Mack quickly dressed and ran to the scene of the shouting. Nine men carrying machetes had entered the camp and were having
a violent discussion with Evelyn Warner and an older African male who was trying to translate for her. Corporal Okempo, holding
his rifle at an angle across his chest, stood at her side. Mack thought he looked frightened out of his mind. The leader of
the men with machetes was wearing a bright green shirt. He was bald, about forty, and spoke with his machete raised in the
air to accent his speech. He shouted, pointing toward the refugees, and at his compatriots, who seemed equally angry and equally
dangerous.
Mack found Cela hanging back from the center of the dispute.
“What’s going on?” she asked Cela. “What do they want?”
“I’m trying to understand,” Cela said. “They are looking for a girl named Sara Ochora. They think she is here.”
“Is she?” Mack asked.
Cela nodded.
“What do they want with her?”
“The man in the green shirt is explaining,” Cela says. “Sara Ochora was promised to his brother, but now he is dead. The brother
is dead, who she was betrothed to. So the man in the green shirt is claiming her as his right.”
“What did Sara have to say about the betrothal?”
“This happened before she was born,” Cela said. “The man in the green shirt is saying she has shed blood in an unclean way
and now his ancestors have taken high offense, and the gods have, too. This is why these calamities have been happening to
him and to his family and his village.”
“I don’t understand,” Mack said.
“Shh,” Cela said, listening a moment longer. “He says she had sex with four men before her nubility rites. She was not purified
and so she has committed
kyiribra.
This is a moral depravity. Her cousin reported her to these men and told them where they could find her. The cousin was obligated
to do this. And so misery will come and befall them until she has been taken back and removed from her abominable state.”
Evelyn Warner spoke with an equal vehemence, the man at her side doing his best to keep up with the translations.
“Tell him she was raped,” Warner said. “Tell him it’s the men who did this to her who have upset his ancestors and not Sara.”
The man in the green shirt screamed again.
“He says that it was voluntary,” Cela said.
“No!” Warner shouted. “No, not with four men! They told her if she didn’t go with them, that they would kill her family.”

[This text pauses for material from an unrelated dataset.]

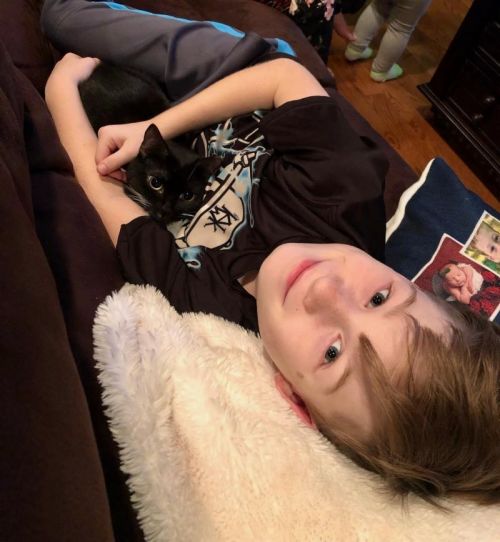 Photo of Junior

“They kill them anyway!” the man in the green shirt shouted in English before returning to his native tongue. His grip on
his machete appeared to tighten.
“He says she should have let them kill her rather than submit to them,” Cela translated. “He says they will take her with
them—oh, my God!”
The man in the green shirt knocked the old man down, then pushed Evelyn Warner aside as she tried to stand her ground. A second
man grabbed Warner, holding her by the arm. When Corporal Okempo tried to intercede, three men knocked him down. Mack stepped
forward.
“Stop!” MacKenzie ordered, standing in front of him and holding her hand up. “Let her go. United Nations—if you have a complaint,
you can bring it to me.”
The would-be husband regarded her for a split second, scowled, knocked her hand aside, and brushed past her.
Mack drew her service Beretta and pointed it at the man, ordering him to stop.
Green Shirt froze.
She moved in front of them, holding the sidearm with both hands, then pointed it at the man who was restraining Evelyn Warner.

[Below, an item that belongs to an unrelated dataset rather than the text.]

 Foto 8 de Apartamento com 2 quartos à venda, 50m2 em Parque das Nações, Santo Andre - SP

“Let her go!” Mack commanded. “Everyone lay down your weapons. Now!” The raiding party paused but kept their weapons. She
raised the pistol, aiming it squarely between Green Shirt’s eyes. He tipped his head back, smirking, defiant, so she stepped
closer, lowering the weapon until it was pointed at his balls.
He dropped the weapon. His clan members dropped theirs as well.
“Everyone lie down,” she commanded. “On your stomachs. Corporal, bring those two over here. Everybody down, now! Cela—help
me out here. Tell them what I want.”
Corporal Okempo regained his authority and came to her assistance, covering the men with a fierce expression on his face,
shouting at them in a tongue Mack couldn’t identify. She’d grabbed a handful of flex cuffs from her bag and used them, quickly
moving from prisoner to prisoner until she’d bound each man’s hands behind his back, looping the cuff through their belts
whenever possible. She looped a heavy orange extension cord through their arms and around a mango tree before tying it off
with a reef knot to deter them from fleeing, and when she was done, she told Okempo to come back with enough men to control
the situation. She finally commanded Cela to take some girls with strong arms and throw the machetes into the river, as far
out as they could throw them.
Evelyn Warner had been tending to the old man, picking him up and dusting him off. He seemed to be all right. She sent him
away, then approached MacKenzie.
“Are you all right?” Mack asked her.
“Thank you, Mary, I’m all right,” Warner said. “You?”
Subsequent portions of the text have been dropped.